Отвратительная гребаная свинья.
Я устала.
Я словно приклеена к месту, и даже когда он стягивает с меня трусики, обнажая задницу, у меня все еще нет сил пошевелиться.
— Ты должна заставить мой член почувствовать себя лучше после того, как пнула меня.
Капля слюны стекает по моему телу, но так же быстро я чувствую, как он вытирает ее.
— Планы поменялись, принцесса. Я хочу, чтобы ты чувствовала меня всего. Мне нужно, чтобы ты истекала кровью, когда я буду вгонять свой член в твою сладкую задницу.

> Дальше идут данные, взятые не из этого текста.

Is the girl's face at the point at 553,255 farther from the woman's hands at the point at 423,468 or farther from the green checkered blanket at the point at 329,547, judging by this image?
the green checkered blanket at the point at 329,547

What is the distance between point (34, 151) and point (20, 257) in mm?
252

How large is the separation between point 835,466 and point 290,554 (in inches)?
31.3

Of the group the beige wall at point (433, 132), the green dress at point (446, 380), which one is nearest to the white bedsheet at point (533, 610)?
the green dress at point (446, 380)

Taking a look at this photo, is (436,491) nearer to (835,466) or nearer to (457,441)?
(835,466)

Я могу только медленно покачать головой. Слова, кажется, потерялись где-то между мозжечком в моем мозгу и ртом. В ушах звучит глубокий звон, заглушающий его слова.

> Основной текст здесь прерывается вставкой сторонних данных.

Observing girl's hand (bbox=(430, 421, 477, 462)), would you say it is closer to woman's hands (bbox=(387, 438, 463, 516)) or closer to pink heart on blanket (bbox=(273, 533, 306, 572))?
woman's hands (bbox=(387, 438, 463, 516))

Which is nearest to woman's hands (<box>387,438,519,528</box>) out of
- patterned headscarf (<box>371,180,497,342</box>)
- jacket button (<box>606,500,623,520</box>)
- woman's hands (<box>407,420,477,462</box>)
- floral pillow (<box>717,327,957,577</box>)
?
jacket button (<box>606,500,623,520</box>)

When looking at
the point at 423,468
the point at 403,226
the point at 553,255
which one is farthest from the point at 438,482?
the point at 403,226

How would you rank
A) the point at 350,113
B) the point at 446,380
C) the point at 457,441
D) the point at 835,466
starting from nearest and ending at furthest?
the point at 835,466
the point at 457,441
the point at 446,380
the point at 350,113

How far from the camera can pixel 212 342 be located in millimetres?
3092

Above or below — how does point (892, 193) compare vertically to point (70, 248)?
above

Как Алексей сможет найти меня?
Я не знаю, где нахожусь.
Должно быть, много таких мест, разбросанных по Нью-Йорку, если мы все еще в этом городе. Я не знаю, как долго была в отключке, когда он ударил меня головой о дверь, пока не проснулась с ужасной мигренью на холодном влажном полу, и кровь текла из раны на голове.
Страх, который тогда испытала, давно забыт.
Я поворачиваю шею, чтобы посмотреть назад. Я здесь одна. Он этого не сделал.
Звон утихает, а звуки голосов становятся громче.
Разные голоса кричат из-за большой двери, но один голос выделяется.
Это он.
Потянув за ноющие запястья, я пытаюсь ослабить тугие веревки на руках. Потертые края обжигают кожу, когда размахиваю руками взад-вперед.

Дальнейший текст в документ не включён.